Bitcoin (BTC) rebounding 40% in January sparked the largest inflows of institutional cash since June 2022, data shows.
In its “Digital Asset Fund Flows” Weekly” report on Jan. 30, digital asset investment and trading group CoinShares confirmed $117 million headed into crypto in the last week of the month.
Institutions “not sold” on post-merge Ethereum
Bitcoin is still on the radar as an institutional investment opportunity.
As demonstrated by CoinShares’ latest data, it took a matter of weeks of BTC price action recouping prior losses to spark a major turnaround in investment habits — and not just in the United States.
“Last week’s US bears seem to have changed their mind with US$117m inflows, including US$26m from the United States,” CoinShares wrote in a Twitter thread accompanying the report.
“This is 3x the amount from last week. Total AuM had risen to US$28bn, up 43% from their November 2022 lows.”
Germany was the surprise leader, responsible for 40% of the week’s tally, followed by Canada.
Despite altcoins rallying in line with Bitcoin, however, institutions appear mainly interested in BTC when it comes to cash.
In the words of CoinShares, “the focus was almost entirely on Bitcoin,” a fact not lost on market participants eyeing a potential shift in preferences away from the Ethereum-centric DeFi arena.
“This is evidence that institutional money isn’t sold on the Ethereum thesis,” popular Twitter account Pillage Capital argued.
The numbers likewise belied testing times for certain altcoins, with CoinShares singling out Bitcoin Cash (BCH), Stellar (XLM) and Uniswap (UNI).

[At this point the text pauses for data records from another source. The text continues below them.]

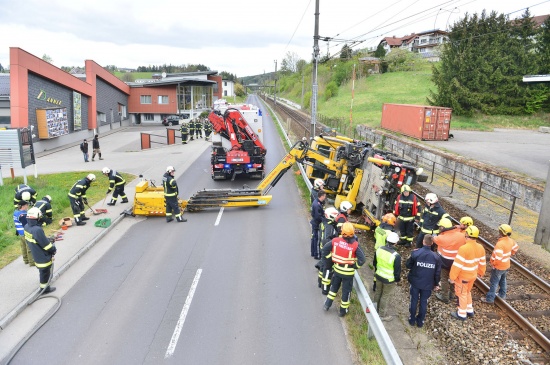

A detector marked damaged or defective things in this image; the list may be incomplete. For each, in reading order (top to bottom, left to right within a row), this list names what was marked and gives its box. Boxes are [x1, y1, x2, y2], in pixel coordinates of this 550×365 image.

rusty container [382, 104, 454, 142] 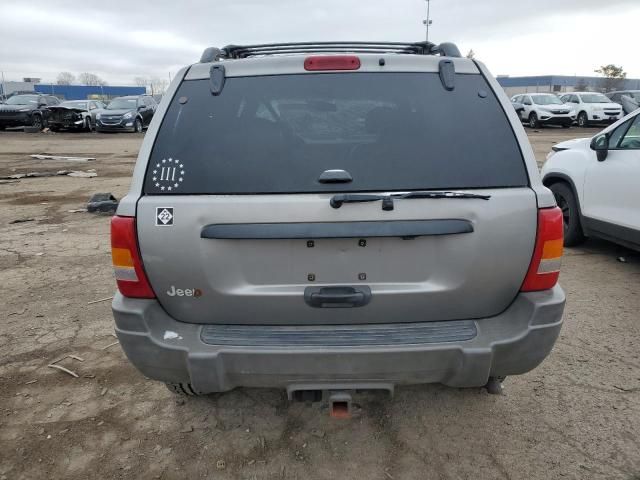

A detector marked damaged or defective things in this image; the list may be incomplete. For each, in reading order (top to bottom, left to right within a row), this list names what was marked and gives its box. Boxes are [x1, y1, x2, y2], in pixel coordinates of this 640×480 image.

damaged vehicle [47, 99, 106, 131] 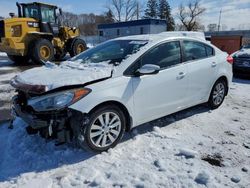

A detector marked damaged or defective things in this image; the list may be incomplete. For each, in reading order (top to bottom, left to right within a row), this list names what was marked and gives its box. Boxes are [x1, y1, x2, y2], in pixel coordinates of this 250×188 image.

broken front end [11, 80, 91, 144]
damaged white car [9, 32, 232, 151]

Solana (SOL), Cardano (ADA) and Polygon (MATIC) nonetheless saw net inflows.
“Multi-asset investment products saw outflows for the 9th consecutive week totaling US$6.4m, suggesting investors are preferring select investments,” it commented.
GBTC sinks towards new record discount
After staging a marked comeback of it own, meanwhile, the largest Bitcoin institutional investment vehicle seems to be running out of steam once more.

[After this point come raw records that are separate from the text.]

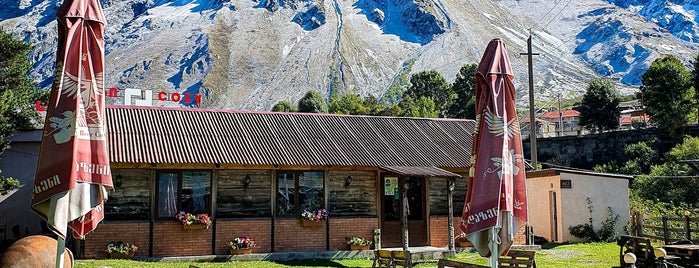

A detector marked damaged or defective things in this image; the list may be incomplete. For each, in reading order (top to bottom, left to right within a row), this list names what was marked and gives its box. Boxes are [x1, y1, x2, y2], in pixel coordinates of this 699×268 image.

rusty metal roof [105, 106, 476, 168] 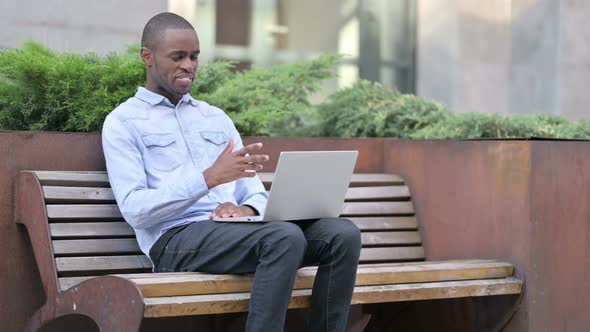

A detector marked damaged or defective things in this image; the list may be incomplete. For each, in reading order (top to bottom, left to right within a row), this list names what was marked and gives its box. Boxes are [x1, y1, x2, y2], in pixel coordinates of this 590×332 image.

rusted corten steel panel [528, 141, 590, 332] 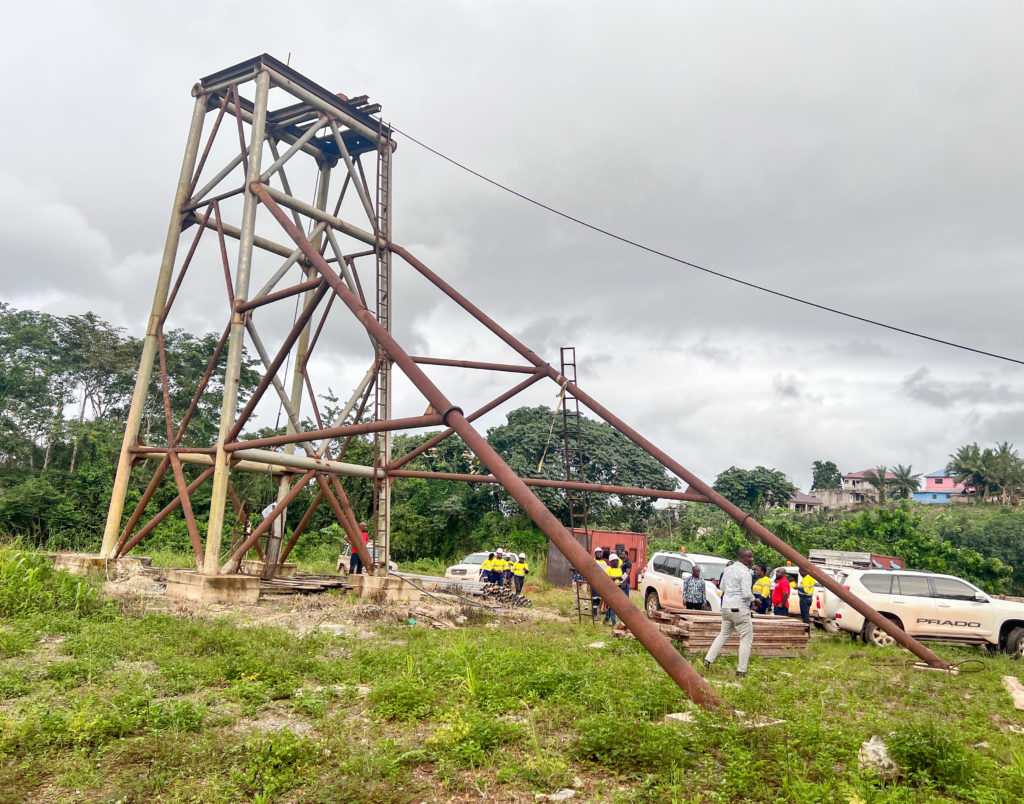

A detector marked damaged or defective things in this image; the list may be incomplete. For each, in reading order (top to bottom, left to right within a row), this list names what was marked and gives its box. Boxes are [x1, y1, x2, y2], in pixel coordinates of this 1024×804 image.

rusted steel pole [99, 92, 207, 557]
rusty steel beam [407, 354, 540, 372]
rusted steel pole [409, 354, 540, 372]
rusted steel pole [117, 464, 215, 557]
rusted steel pole [224, 413, 440, 450]
rusty steel beam [224, 413, 444, 450]
rusty steel beam [389, 370, 548, 471]
rusted steel pole [389, 372, 548, 473]
rusty steel beam [253, 183, 729, 708]
rusted steel pole [258, 182, 729, 708]
rusted steel pole [385, 467, 712, 497]
rusty steel beam [385, 467, 712, 497]
rusted steel pole [387, 245, 946, 671]
rusty steel beam [389, 241, 950, 667]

The Grayscale Bitcoin Trust (GBTC) traded at a 43% discount to Bitcoin spot price on Feb. 7, having recovered to 36.2% in mid-January.
As Cointelegraph continues to report, Grayscale currently finds itself caught up in difficulties impacting parent company Digital Currency Group following the disintegration of FTX in November.
Even before that, however, GBTC was struggling, as Grayscale attempts to force U.S. regulators to allow it to convert it to the country’s first Bitcoin spot price exchange-traded fund (ETF).